Maxwell 2’s New Features: Direct3D 11.3 & VXGI

When NVIDIA introduced the Maxwell 1 architecture and the GM107 based GTX 750 series, one of the unexpected aspects of their decision was to release these parts as members of the existing 700 series rather than a newer series to communicate a difference in features. However as it turned out there really wasn’t a feature difference between it and Kepler; other than a newer NVENC block, Maxwell 1 was for all intents and purposes an optimized Kepler architecture. It was the same features built upon the efficiency improvements of the Maxwell architecture.

With that in mind, along with the hardware/architectural changes we’ve listed earlier, the other big factor that sets Maxwell 2 apart from Maxwell 1 is its feature set. In that respect Maxwell 2 is almost a half-generational update on its own, as it implements a number of new features that were not present in Maxwell 1. This means Maxwell 2 is bringing some new features that we need to cover, but it also means that the GM204 based GTX 900 series is feature differentiated from the GTX 600/700 series in a way that the earlier GTX 750 series was not.

Direct3D 11.3

First and foremost among Maxwell 2’s new features is the inclusion of full Direct3D 11.2/11.3 compatibility. Kepler and Maxwell 1 before it were officially feature level 11_0, but they contained an almost complete set of FL 11_1 features, allowing most of these features to be accessed through cap bits. With Maxwell 2 however, NVIDIA has finally implemented the remaining features required for FL11_1 compatibility and beyond, updating their architecture to support the 16x raster coverage sampling required for Target Independent Rasterization and UAVOnlyRenderingForcedSampleCount.
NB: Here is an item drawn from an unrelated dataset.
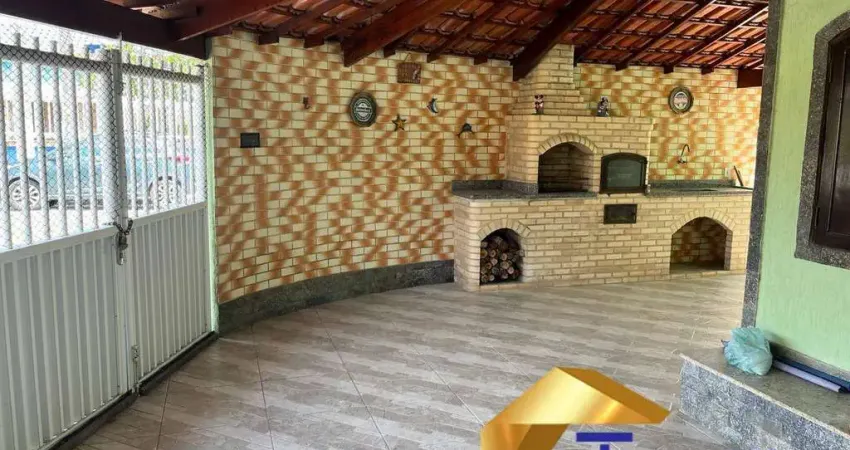 Casa independente com 4 quartos com área gourmet em cabo frio !!!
This extended feature set also extends to Direct3D 11.2, which although it doesn’t have an official feature level of its own, does introduce some new (and otherwise optional) features that are accessed via cap bits. Key among these, Maxwell 2 will support the more advanced Tier 2 tiled resources, otherwise known as sparse textures or partially resident textures. Tier 2 was introduced into the specification to differentiate the more capable AMD implementation of this feature from NVIDIA’s hardware, and now as of Maxwell 2 NVIDIA can support the more advanced functionality required for Tier 2.

Finally, Maxwell will also support the features being introduced in Direct3D 11.3 (and made available to D3D 12), which was announced alongside Maxwell at NVIDIA’s editors’ day event. We have a separate article covering Direct3D 11.3, so we won’t completely retread that ground here, but we will cover the highlights.

The forthcoming Direct3D 11.3 features, which will form the basis (but not entirety) of what’s expected to be feature level 11_3, are Rasterizer Ordered Views, Typed UAV Load, Volume Tiled Resources, and Conservative Rasterization. Maxwell 2 will offer full support for these forthcoming features, and of these features the inclusion of volume tiled resources and conservative rasterization is seen as being especially important by NVIDIA, particularly since NVIDIA is building further technologies off of them.

Volume tiled resources is for all intents and purposes tiled resources extended into the 3rd dimension. Volume tiled resources are primarily meant to be used with 3D/volumetric pixels (voxels), with the idea being that with sparse allocation, volume tiles that do not contain any useful information can avoid being allocated, avoiding tying up memory in tiles that will never be used or accessed. This kind of sparse allocation is necessary to make certain kinds of voxel techniques viable.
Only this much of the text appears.